* Your objective *
The first line of the entries through the line bearing "ブルー系のデニムパンツ、ブラ": copy these lines exactly and return nothing else.

Excerpts from a dataset
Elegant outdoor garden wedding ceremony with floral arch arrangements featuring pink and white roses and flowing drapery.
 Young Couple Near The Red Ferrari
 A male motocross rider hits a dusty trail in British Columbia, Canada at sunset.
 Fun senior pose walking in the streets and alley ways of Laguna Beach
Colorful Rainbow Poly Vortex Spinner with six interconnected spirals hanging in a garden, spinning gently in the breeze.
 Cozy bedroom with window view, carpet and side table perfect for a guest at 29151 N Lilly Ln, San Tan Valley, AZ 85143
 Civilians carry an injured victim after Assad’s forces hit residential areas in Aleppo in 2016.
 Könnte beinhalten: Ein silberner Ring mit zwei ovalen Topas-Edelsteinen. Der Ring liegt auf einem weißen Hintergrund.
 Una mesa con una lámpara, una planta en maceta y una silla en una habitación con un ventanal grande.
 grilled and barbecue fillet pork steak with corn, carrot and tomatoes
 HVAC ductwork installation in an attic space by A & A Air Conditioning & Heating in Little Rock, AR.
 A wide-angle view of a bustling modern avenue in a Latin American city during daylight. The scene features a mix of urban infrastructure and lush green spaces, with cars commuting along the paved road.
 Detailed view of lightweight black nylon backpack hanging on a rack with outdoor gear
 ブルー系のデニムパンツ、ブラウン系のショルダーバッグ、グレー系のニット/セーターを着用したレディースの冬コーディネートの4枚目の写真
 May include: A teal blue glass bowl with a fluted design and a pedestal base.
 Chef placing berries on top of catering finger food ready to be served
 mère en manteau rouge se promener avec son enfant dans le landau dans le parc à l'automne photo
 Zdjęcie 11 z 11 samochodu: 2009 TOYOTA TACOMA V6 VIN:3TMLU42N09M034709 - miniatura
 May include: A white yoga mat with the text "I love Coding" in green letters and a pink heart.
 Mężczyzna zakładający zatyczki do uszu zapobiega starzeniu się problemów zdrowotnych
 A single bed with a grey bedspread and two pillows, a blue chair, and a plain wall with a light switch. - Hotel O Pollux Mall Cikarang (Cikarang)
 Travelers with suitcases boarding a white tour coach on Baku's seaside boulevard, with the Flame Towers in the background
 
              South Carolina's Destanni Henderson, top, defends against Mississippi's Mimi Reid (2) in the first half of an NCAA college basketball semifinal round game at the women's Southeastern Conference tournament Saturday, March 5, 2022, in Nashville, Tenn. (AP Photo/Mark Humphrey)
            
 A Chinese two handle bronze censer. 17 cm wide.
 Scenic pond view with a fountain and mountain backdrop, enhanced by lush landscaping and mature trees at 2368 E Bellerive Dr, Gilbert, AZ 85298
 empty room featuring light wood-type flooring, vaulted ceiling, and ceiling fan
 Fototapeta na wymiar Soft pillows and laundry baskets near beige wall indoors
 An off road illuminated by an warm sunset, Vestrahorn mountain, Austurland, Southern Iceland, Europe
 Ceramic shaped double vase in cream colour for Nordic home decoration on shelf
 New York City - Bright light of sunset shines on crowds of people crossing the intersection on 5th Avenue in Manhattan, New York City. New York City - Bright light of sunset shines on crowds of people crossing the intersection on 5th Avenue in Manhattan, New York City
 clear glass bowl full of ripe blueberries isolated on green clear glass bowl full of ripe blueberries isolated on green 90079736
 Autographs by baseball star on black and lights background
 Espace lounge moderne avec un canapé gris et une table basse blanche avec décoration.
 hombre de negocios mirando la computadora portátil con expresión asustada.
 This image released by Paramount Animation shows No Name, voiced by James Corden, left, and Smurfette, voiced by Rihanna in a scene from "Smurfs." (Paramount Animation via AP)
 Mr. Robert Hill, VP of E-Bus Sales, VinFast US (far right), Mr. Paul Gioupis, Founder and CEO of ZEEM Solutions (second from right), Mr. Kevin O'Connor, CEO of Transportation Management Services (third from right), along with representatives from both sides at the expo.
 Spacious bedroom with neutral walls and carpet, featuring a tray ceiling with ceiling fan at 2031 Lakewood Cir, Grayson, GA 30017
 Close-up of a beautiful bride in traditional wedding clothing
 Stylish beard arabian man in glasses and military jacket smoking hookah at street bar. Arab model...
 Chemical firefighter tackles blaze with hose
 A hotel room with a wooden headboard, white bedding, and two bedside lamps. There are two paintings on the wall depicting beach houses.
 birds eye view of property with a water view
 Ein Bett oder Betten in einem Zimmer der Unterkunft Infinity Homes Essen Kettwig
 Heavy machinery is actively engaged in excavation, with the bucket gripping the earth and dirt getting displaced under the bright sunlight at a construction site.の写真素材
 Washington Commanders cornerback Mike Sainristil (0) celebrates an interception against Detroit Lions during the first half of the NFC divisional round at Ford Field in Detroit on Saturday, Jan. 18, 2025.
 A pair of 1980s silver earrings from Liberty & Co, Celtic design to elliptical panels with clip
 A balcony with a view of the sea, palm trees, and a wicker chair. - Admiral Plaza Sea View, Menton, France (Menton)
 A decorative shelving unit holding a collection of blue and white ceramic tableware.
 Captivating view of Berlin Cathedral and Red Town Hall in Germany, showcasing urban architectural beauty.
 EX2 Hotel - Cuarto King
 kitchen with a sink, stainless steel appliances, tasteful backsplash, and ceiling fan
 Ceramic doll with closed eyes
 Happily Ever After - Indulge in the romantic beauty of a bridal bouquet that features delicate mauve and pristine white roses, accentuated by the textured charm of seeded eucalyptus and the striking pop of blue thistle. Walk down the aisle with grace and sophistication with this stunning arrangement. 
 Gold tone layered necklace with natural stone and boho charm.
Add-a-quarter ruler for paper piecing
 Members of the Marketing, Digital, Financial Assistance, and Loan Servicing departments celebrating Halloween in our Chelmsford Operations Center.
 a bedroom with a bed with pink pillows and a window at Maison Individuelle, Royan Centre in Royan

* Final answer *
Elegant outdoor garden wedding ceremony with floral arch arrangements featuring pink and white roses and flowing drapery.
 Young Couple Near The Red Ferrari
 A male motocross rider hits a dusty trail in British Columbia, Canada at sunset.
 Fun senior pose walking in the streets and alley ways of Laguna Beach
Colorful Rainbow Poly Vortex Spinner with six interconnected spirals hanging in a garden, spinning gently in the breeze.
 Cozy bedroom with window view, carpet and side table perfect for a guest at 29151 N Lilly Ln, San Tan Valley, AZ 85143
 Civilians carry an injured victim after Assad’s forces hit residential areas in Aleppo in 2016.
 Könnte beinhalten: Ein silberner Ring mit zwei ovalen Topas-Edelsteinen. Der Ring liegt auf einem weißen Hintergrund.
 Una mesa con una lámpara, una planta en maceta y una silla en una habitación con un ventanal grande.
 grilled and barbecue fillet pork steak with corn, carrot and tomatoes
 HVAC ductwork installation in an attic space by A & A Air Conditioning & Heating in Little Rock, AR.
 A wide-angle view of a bustling modern avenue in a Latin American city during daylight. The scene features a mix of urban infrastructure and lush green spaces, with cars commuting along the paved road.
 Detailed view of lightweight black nylon backpack hanging on a rack with outdoor gear
 ブルー系のデニムパンツ、ブラウン系のショルダーバッグ、グレー系のニット/セーターを着用したレディースの冬コーディネートの4枚目の写真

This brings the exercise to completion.